* INFORMATION GIVEN
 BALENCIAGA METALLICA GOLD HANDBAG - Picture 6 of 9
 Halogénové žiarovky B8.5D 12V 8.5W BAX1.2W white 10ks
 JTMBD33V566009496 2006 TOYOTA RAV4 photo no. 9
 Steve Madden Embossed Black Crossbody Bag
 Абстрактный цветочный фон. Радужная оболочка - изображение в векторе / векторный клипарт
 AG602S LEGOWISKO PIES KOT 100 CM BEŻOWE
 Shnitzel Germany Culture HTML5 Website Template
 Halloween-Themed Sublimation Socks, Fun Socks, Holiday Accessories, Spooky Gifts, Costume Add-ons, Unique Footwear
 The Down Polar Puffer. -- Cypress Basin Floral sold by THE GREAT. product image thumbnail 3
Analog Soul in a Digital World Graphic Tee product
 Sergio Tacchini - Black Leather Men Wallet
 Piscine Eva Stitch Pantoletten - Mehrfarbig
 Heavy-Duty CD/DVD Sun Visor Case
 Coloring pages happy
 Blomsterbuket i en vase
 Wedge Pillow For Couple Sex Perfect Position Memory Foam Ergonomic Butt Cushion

* WHAT THE EXERCISE ASKS
Lines with the word "product" in them should be copied from the preceding records.

* EXPECTED ANSWER
 The Down Polar Puffer. -- Cypress Basin Floral sold by THE GREAT. product image thumbnail 3
Analog Soul in a Digital World Graphic Tee product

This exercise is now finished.